— Task objective —
Check every line of the entries for "when", and copy the lines that hold it.

— Material shown —

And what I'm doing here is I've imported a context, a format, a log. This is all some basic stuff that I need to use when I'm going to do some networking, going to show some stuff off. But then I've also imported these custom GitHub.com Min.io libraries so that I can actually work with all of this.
* * *
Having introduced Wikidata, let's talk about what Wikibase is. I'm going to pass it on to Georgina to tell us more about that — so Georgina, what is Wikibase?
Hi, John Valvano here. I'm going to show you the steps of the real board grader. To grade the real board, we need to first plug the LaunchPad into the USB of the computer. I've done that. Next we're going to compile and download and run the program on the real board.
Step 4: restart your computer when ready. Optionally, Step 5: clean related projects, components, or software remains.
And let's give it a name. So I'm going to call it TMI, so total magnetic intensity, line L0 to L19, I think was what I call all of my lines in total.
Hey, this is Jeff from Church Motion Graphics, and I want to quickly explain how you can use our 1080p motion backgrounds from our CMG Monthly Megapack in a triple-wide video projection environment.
--
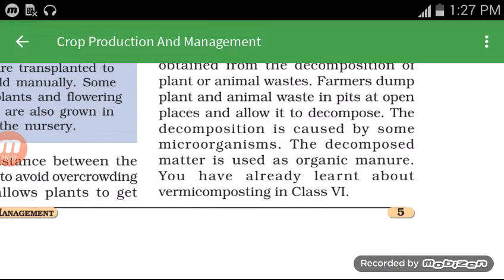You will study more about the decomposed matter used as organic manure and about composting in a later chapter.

— Result of the exercise —
And what I'm doing here is I've imported a context, a format, a log. This is all some basic stuff that I need to use when I'm going to do some networking, going to show some stuff off. But then I've also imported these custom GitHub.com Min.io libraries so that I can actually work with all of this.
Step 4: restart your computer when ready. Optionally, Step 5: clean related projects, components, or software remains.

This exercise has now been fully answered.